Thanks for the replies guys and yes, I'm aware of the conversion utility out there and am using it already, but my question was, does anyone know _how much_ content is available with the Plus purchase? I'm looking to find out if the purchase is worth it so I would like to find a list of what is available with the Plus purchase, over and above what we get without the Plus purchase. I like the podcasts and video features already available, but it would be nice to see a list of what you get with the Plus purchase.


----------



## danottey (Nov 9, 2005)

TheIgster said:


> Thanks for the replies guys and yes, I'm aware of the conversion utility out there and am using it already, but my question was, does anyone know _how much_ content is available with the Plus purchase? I'm looking to find out if the purchase is worth it so I would like to find a list of what is available with the Plus purchase, over and above what we get without the Plus purchase. I like the podcasts and video features already available, but it would be nice to see a list of what you get with the Plus purchase.


As far as I know - and I could be wrong - it doesn't really allow your TiVo to download extra video on top of what you can without Plus. What it does is setup your PC so that when a new podcast is downloaded by your podcatching software (such as iTunes), TiVo Desktop Plus will then convert & transfer it to your TiVo. That is what I do with my Plus software, and it is pretty awesome.


----------



## RickNY (Sep 17, 2007)

Igster,

Check your PMs


----------



## TheIgster (May 23, 2008)

danottey said:


> As far as I know - and I could be wrong - it doesn't really allow your TiVo to download extra video on top of what you can without Plus.


Yes, actually it does. It opens up much more content in the video downloads portion of the web stuff. There is MUCH more content available with the Plus version. They should really promote that more and have a list somewhere for all to see.

Thanks to RickNY for the details as well that he sent to me. I purchased the key and am quite happy with all the additional podcasts available. Now there's _too_ much...


----------



## rburriel (Dec 14, 2007)

Is there a way to subscribe to podcasts that aren't on the default list? I'd really like to sign up to CBC's nightly "The National" broadcast:

http://www.cbc.ca/national/blog/national.xml

Thanks in advance.


----------



## CuriousMark (Jan 13, 2005)

rburriel said:


> Is there a way to subscribe to podcasts that aren't on the default list?

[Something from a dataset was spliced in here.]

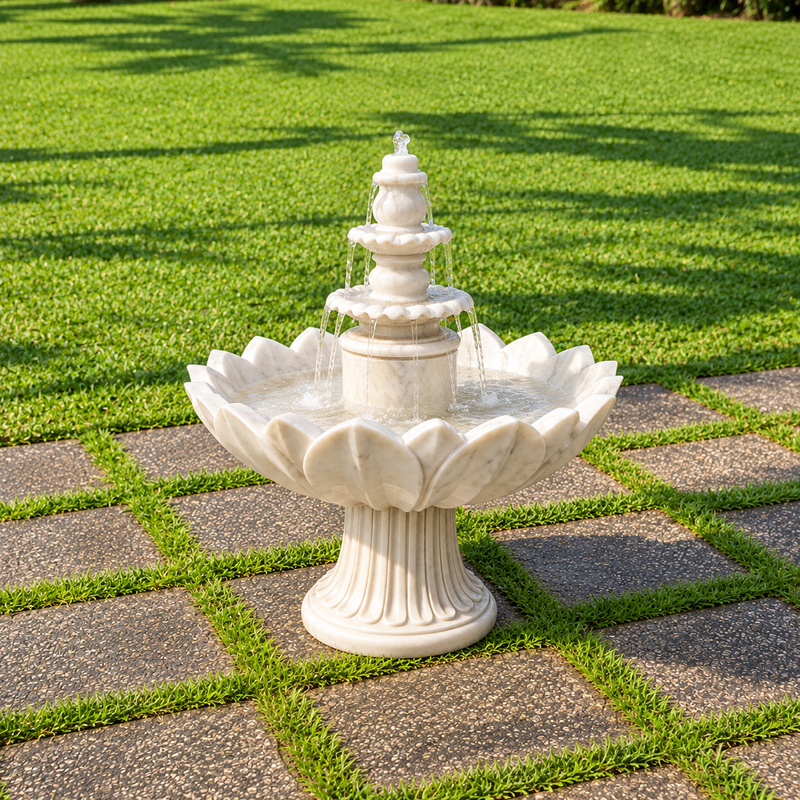 The Lotus Bowl – Banswara Marble Fountain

Use any RSS agregator your are comfortable with and then have whichever software you are using publish the folder to which it downloads your show.


----------



## rburriel (Dec 14, 2007)

Damn. I knew I was making this too hard. Thanks for the tip!


----------



## desertkoala (Jul 4, 2008)

What a rip off. So basically you need to then install yet more software to get your PC rig working. My original SnapStream server did this all in one. Now it's relegated to share its content using Desktop Plus as a conduit.

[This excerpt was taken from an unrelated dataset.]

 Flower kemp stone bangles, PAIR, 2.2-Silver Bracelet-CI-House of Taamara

What really makes me upset is that the TiVo UI says 'get 100s more videos' - as if it was just going to magically appear after you fork over $24. Nope, you now need to download some more software like iTunes. What? This is ridiculous.

Seems they have no problem pushing advertisements down. Come on TiVo you guys are not making it easy on this one. Desktop Plus could be awesome. Instead it's a niche solution for geeks already comfortable with RSS and aggregation. ...not people who have other things to do outside.


----------



## classicsat (Feb 18, 2004)

You need iTunes for Quicktime, which is needed for some MPEG4 conversions.


----------



## desertkoala (Jul 4, 2008)

I think I need to clarify. I don't mind installing QuickTime. I did that already and understand why that part is needed. What burns me is needing to install iTunes. It does not mention this anywhere on the onscreen UI or in the presales marketing material. It all left undiscussed. I'm not going to install iTunes. I'm not a Apple slave. There are other vodvidcast clients out there but they suck. So I guess that mean all this extra wonderful content if not for real. Trolling for those spectacular vidcasts generally shows junk that is completely useless anyways. So, I'll stick with the default Onion and CrankyGeek feeds, as they are the only decent ones anyways. The rest of the Apple minions can have fun.

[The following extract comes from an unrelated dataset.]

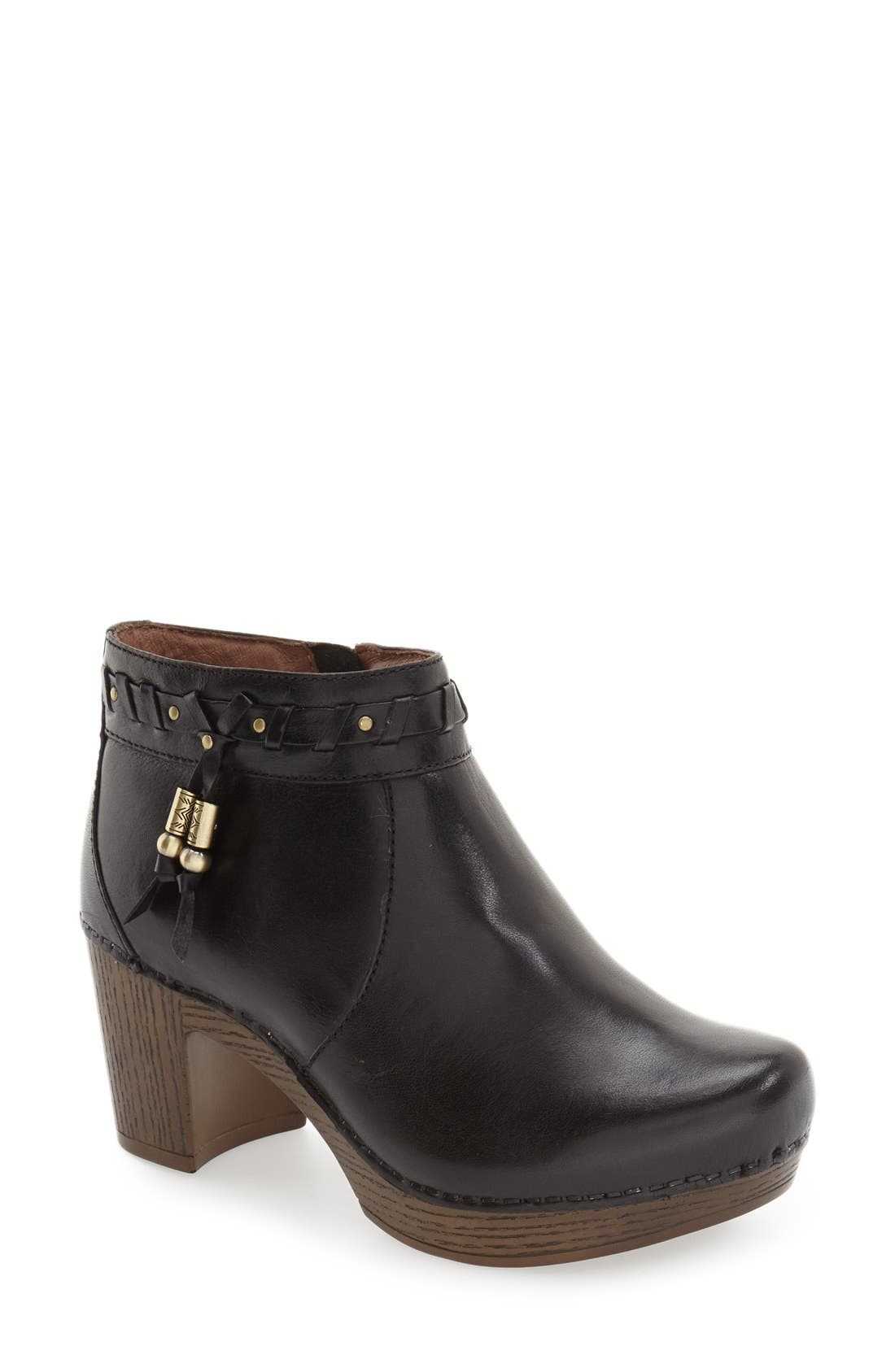 'Dabney' Bootie, Main, color, BLACK BURNISHED LEATHER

A real Desktop Plus client would have made RSS subscribing part of the client. The apps on my dedicated machine are not light weight so adding an iTune reader/subscriber seems crazy.


----------



## CuriousMark (Jan 13, 2005)

desertkoala said:


> I think I need to clarify. I don't mind installing QuickTime. I did that already and understand why that part is needed. What burns me is needing to install iTunes. It does not mention this anywhere on the onscreen UI or in the presales marketing material. It all left undiscussed. I'm not going to install iTunes. I'm not a Apple slave. There are other vodvidcast clients out there but they suck. So I guess that mean all this extra wonderful content if not for real. Trolling for those spectacular vidcasts generally shows junk that is completely useless anyways. So, I'll stick with the default Onion and CrankyGeek feeds, as they are the only decent ones anyways. The rest of the Apple minions can have fun.
> 
> A real Desktop Plus client would have made RSS subscribing part of the client. The apps on my dedicated machine are not light weight so adding an iTune reader/subscriber seems crazy.


iTunes is not required. Any videos listed on the TiVo HME downloads screens with a computer screen next to them will be RSS'd and aggregated by TiVo Desktop just the way you want it to. In that mode you manage everything from the TiVo, the computer simply needs to be up and running with the TiVo Server active. If you want something beyond what is indexed on the TiVo service itself, then you need to start looking into using your browser or some other program to aggregate for you.

The onion and Cranky Geeks are TiVoCasts, they are actually sourced directly from the TiVo service. They do not have a computer screen icon next to them on the selection screen. Try selecting other, browsing some of the web videos with screen icons and subscribing to one you like. It will work the way you expect, without the need to add iTunes I might add.


----------